Re: short-cutting if sum()>constant

From: Ivan Sergio Borgonovo <mail(at)webthatworks(dot)it>
To:
Cc: pgsql-sql(at)postgresql(dot)org
Subject: Re: short-cutting if sum()>constant
Date: 2009-12-23 13:01:16
Message-ID: 20091223140116.1c79d821@dawn.webthatworks.it
Views: Raw Message | Whole Thread | Download mbox | Resend email
Thread:
Lists: pgsql-sql

On Wed, 23 Dec 2009 12:52:38 +0100
Pavel Stehule <pavel(dot)stehule(at)gmail(dot)com> wrote:

> The problem is massive cycle. Plpgsql really isn't language for
> this. This interpret missing own arithmetic unit.
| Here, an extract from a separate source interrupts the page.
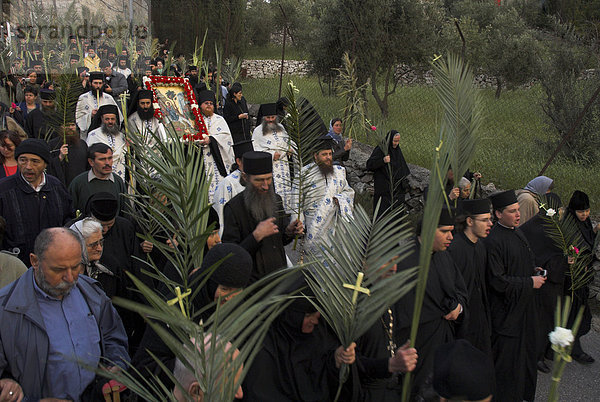 Jerusalem Hauptstadt Großstadt Berg Olive Naher Osten russisch orthodox russisch-orthodox Ostern Israel alt Prozession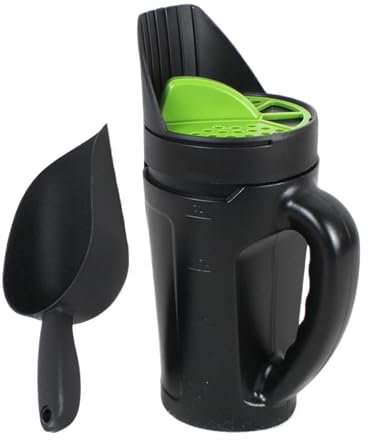 Handstreuer, 2,5 l, Schüttelspender, 18 x 14 x 33 cm, verstellbare Öffnung, abnehmbare Schaufel, ergonomischer Griff, präzise Kontrolle für Eisschmelze, Schneesalz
So every
> expression is translated to SELECT statement
>
> IF a > c ~ SELECT a > c
> a = a + 1 ~ SELECT a + 1

> these queries are executed in some special mode, but still it is
> more expensive than C a = a + 1

I didn't get it.
I'd expect that since plpgsql should shere SQL data types it could
map easily something like

if (a>b) then
or
a := a +b

and something like a for in query loop was going to be highly
optimised as well.
plpgsql should be the most tightly bounded language to the internals
of pg SQL.

> > select sum(a) from data; takes 1999.492 ms.
> > select count(*) from data; takes 1612.039 ms

> it is slower, because there is one NULL test more.

That didn't came as a surprise. It was there for comparison.

> PLpgSQL quietly uses cursors for FOR SELECT, your plperl uses

I didn't notice. That was my first plperl function in my life.
Anyway that means that that test didn't say anything about
interpreter speed and duck typing.

> > Anyway I'm not able to justify the difference in speed between
> > plpgsql and your solution in such case unless plpgsql is
> > switching back and forward between binary data and their text
> > representation. It would be nice if someone that know plpgsql
> > internals explain where the cost comes from.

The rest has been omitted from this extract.